Poster
in
Workshop: Towards Safe & Trustworthy Agents
Lost in Translation: Jail Breaking Gemini and Revealing Biases in Large Language Models via Translation
Ezgi Korkmaz
The capabilities of large language models have been demonstrated quite recently. Upon this success currently language agents are one of the main focuses of machine learning research targeting constructing a general artificial intelligence agent that can interact with humans daily to perform certain tasks. Even currently, many can access the publicly available versions of these models. Previous studies demonstrated that early versions of large language models can learn biased representations. To overcome this benchmarks have been proposed to measure the biased representations learned.
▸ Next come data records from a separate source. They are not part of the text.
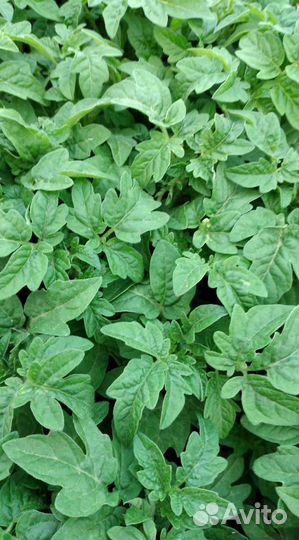 Рассада помидор, перца, капусты, базилика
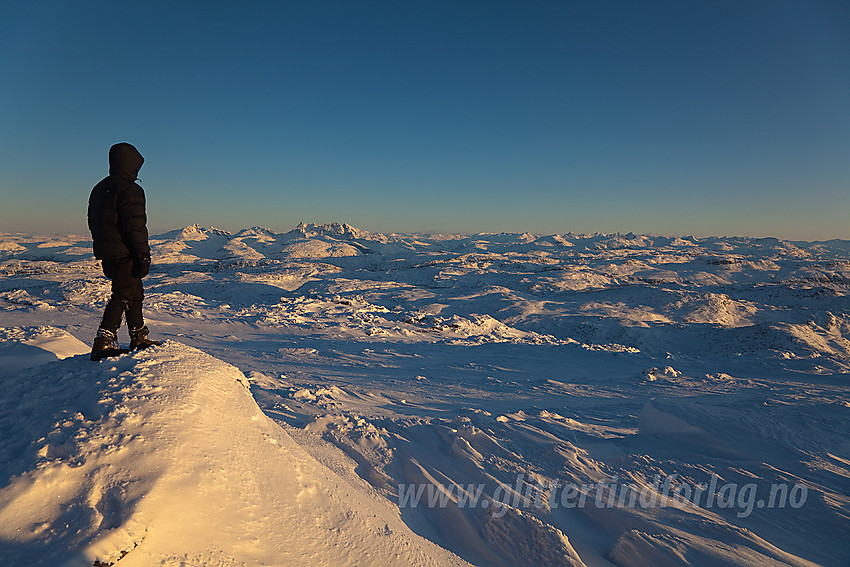 Utsikt fra Berdalseken mot Jotunheimen.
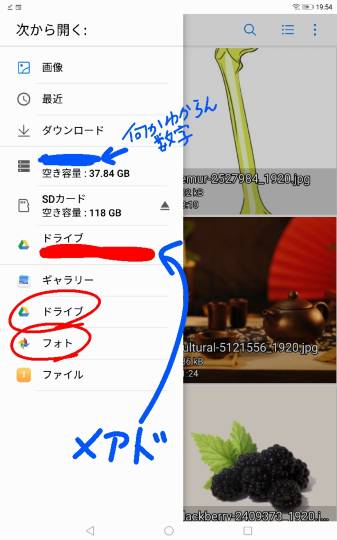 生き物ルーム第17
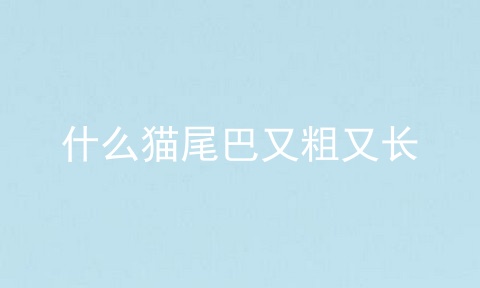 什么猫尾巴又粗又长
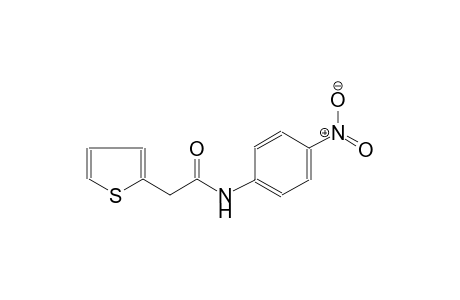 2-thiopheneacetamide, N-(4-nitrophenyl)-
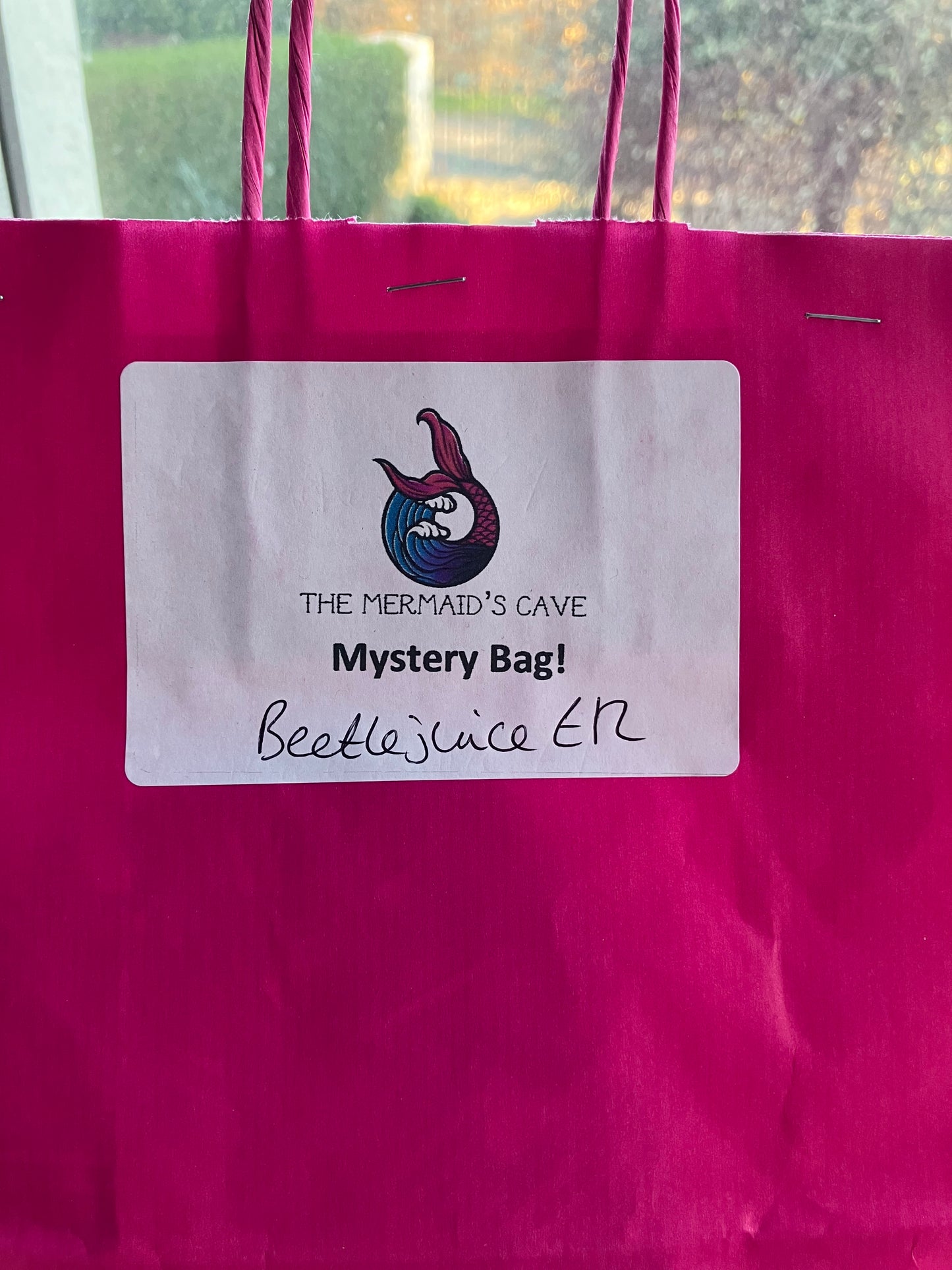 Beetle Mystery Bag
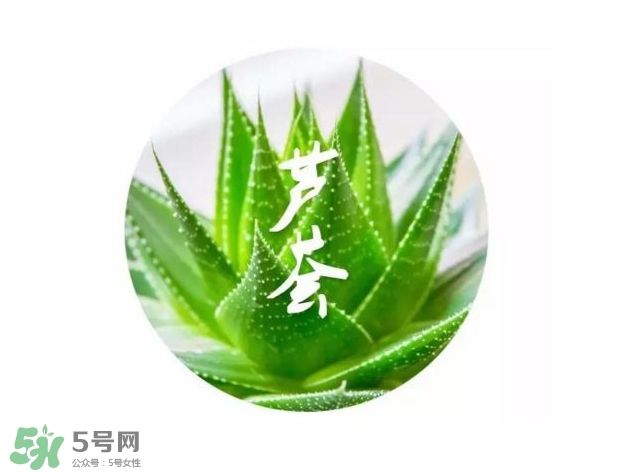 蘆薈膠的醫(yī)療作用有哪些？蘆薈膠的使用方法有哪些？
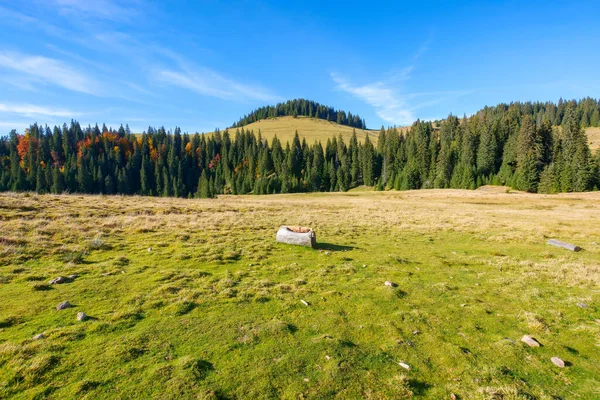 idyllic landscape in the carpathians. green meadows in front of a coniferous grove. forested summit in the distance beneath a blue sky with cirrus clouds
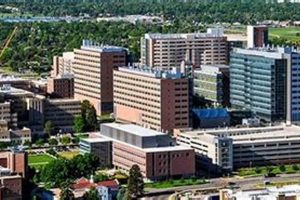 Top Medical Schools in Colorado: 2024 Guide Best Schools in America: Top Public & Private Options Top Medical Schools in Colorado: 2024 Guide | Best Schools in America: Top Public & Private Options
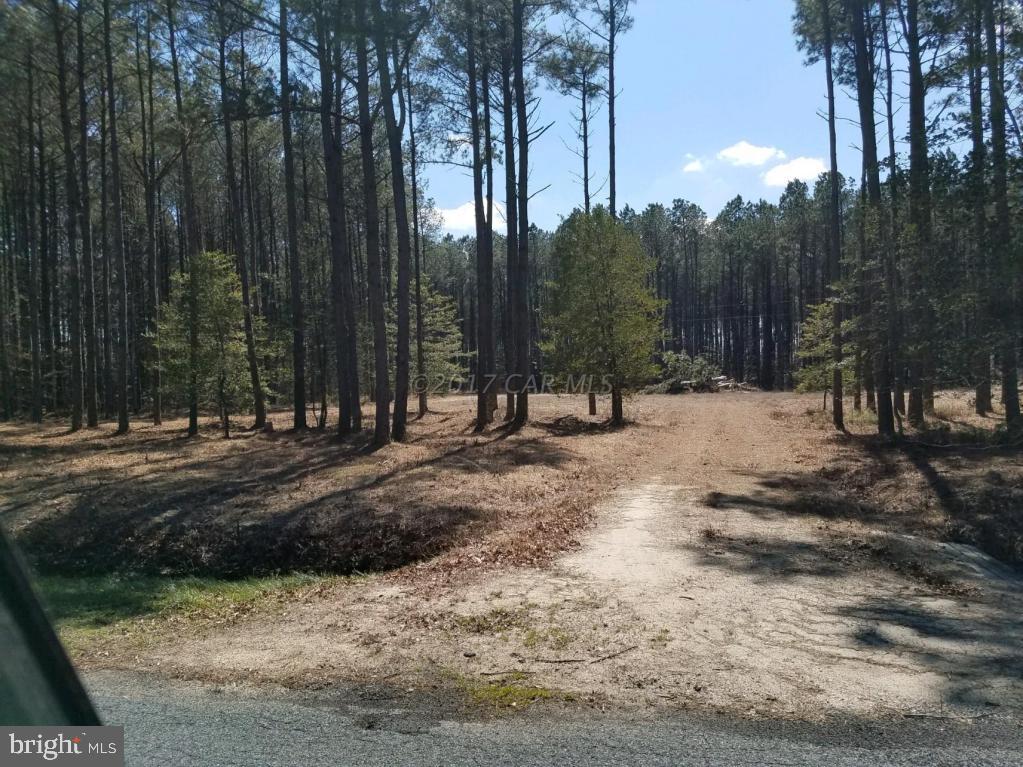 Sam Barnes Road Westover, MD 21871 - Photo 3 of 12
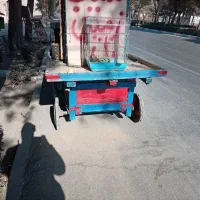 گاری تاریخی|کلکسیون اشیاء عتیقه|برخوار, |دیوار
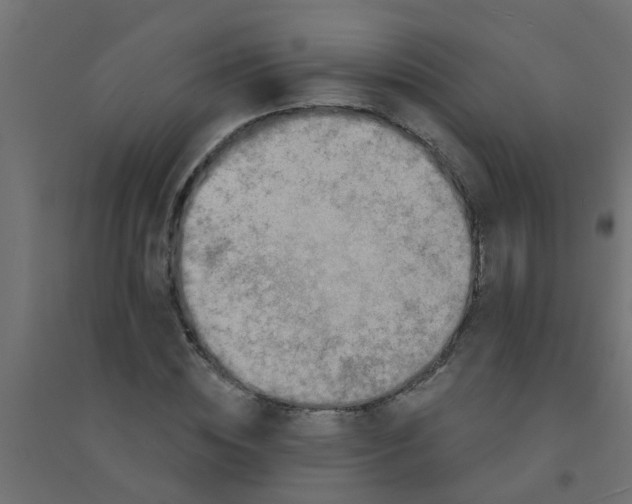 X0000094330828200711241827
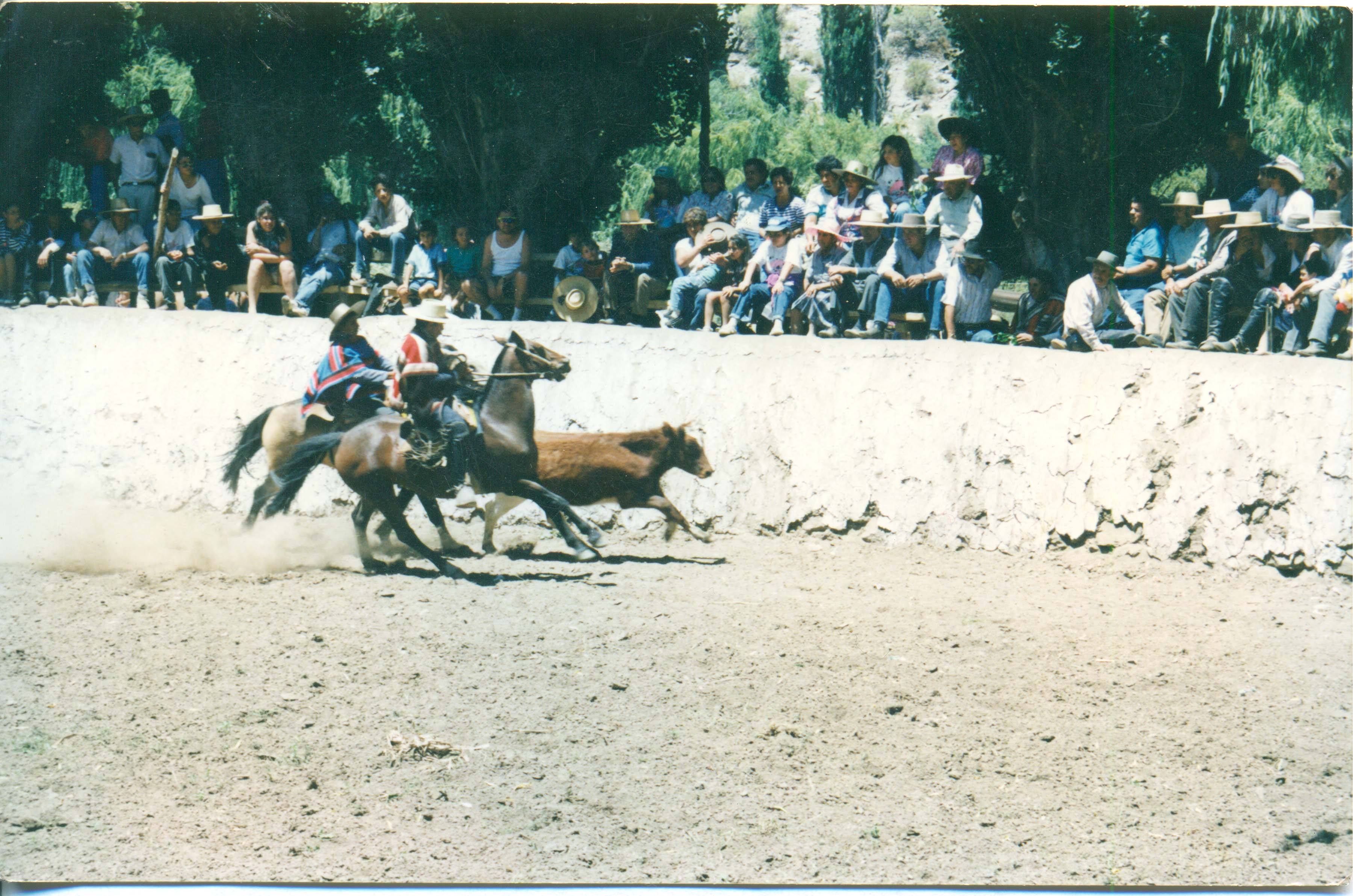 Rodeo en media luna de Tulahuén Rodeo en media luna de Tulahuén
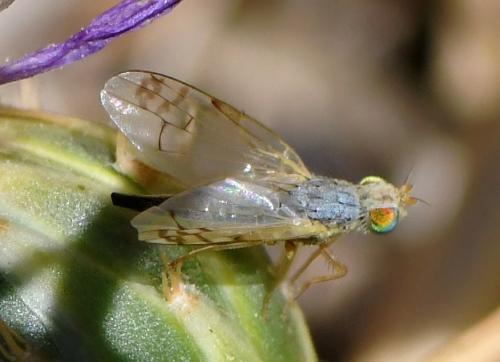 Réf. 239 837 : Acanthiophilus helianthi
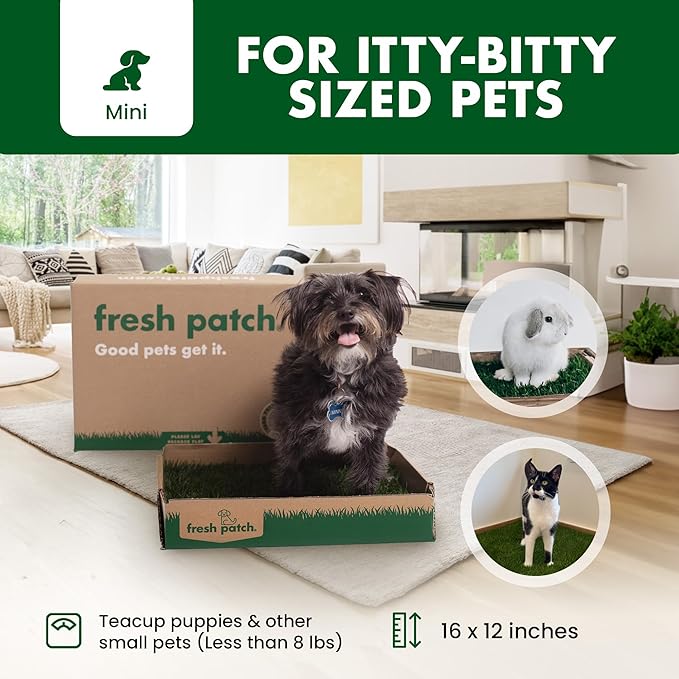 Fresh Patch Mini Real Grass Patch for Dogs, Cats, and Small Pets Under 8 Pounds – Disposable Pet Grass Pee Pads – Indoor and Outdoor Potty Training Mat (12 Inches x 16 Inches)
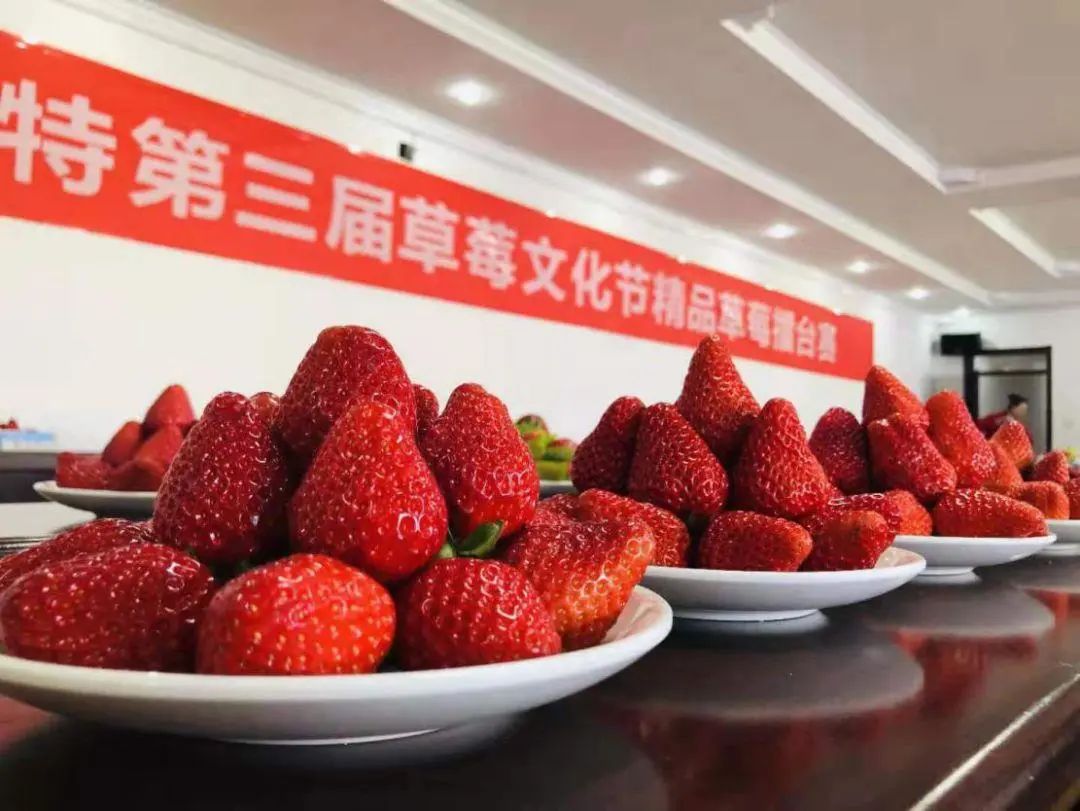 1678937503950207.jpg 微信图片_20230316113056.jpg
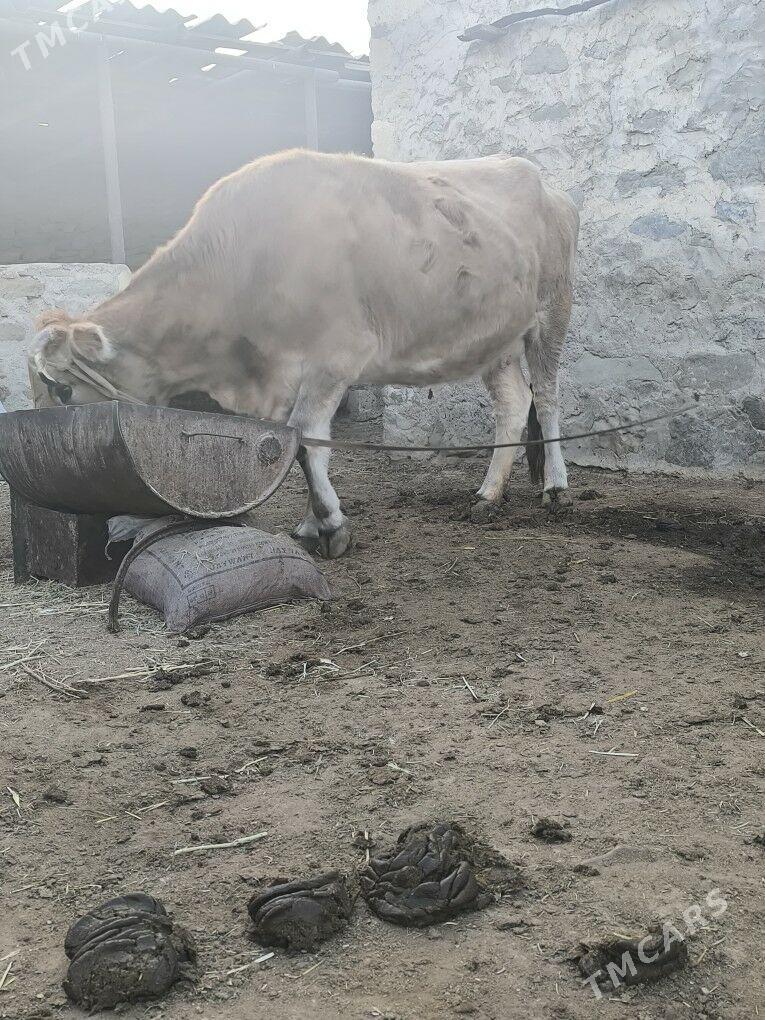 Sygyr semiz - Берекет - img 2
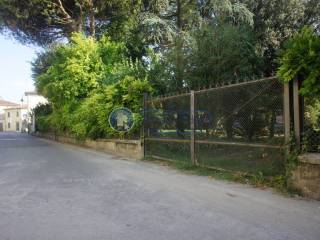 Zona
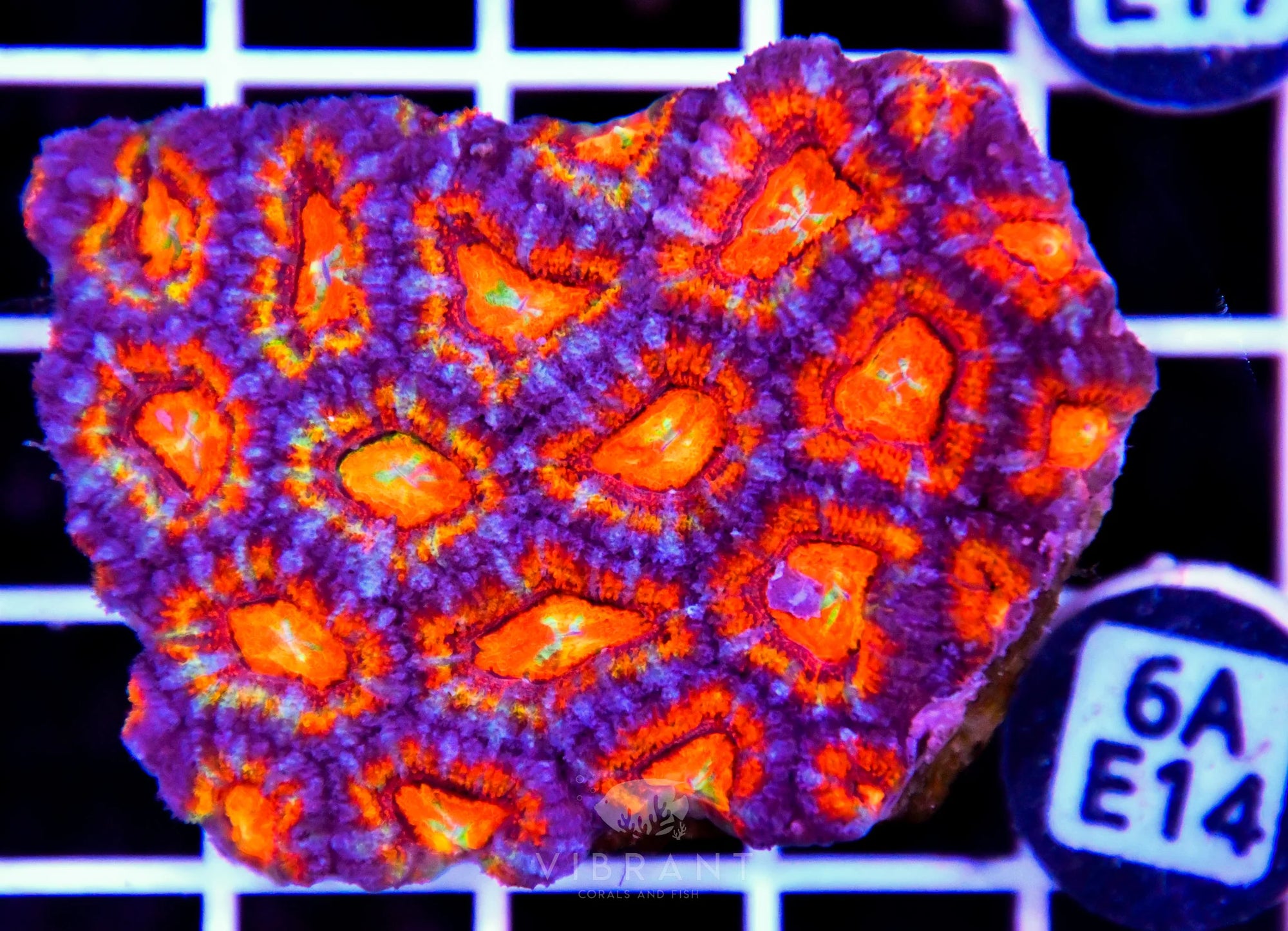 Acan Lord AUS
Following this, on the training part, many studies focused on eliminating this bias via either including human feedback in fine tuning or further training other models to provide a reward function that penalizes the biased representations. Now large language models perform better when it comes to revealing the biased representations learned. Yet, our paper demonstrates that the reason for that is not due to the fact that models do no longer learn biased representations, but rather that they acquired knowledge on how to respond to benchmarks that measure biases. Our results demonstrate that one of most recent publicly available large language model learns biased representations that can be surfaced simply via leveraging translation, while they cannot be via previous methods. We believe our results can provide foundation on the concrete problems of large language models regarding their safety and robustness.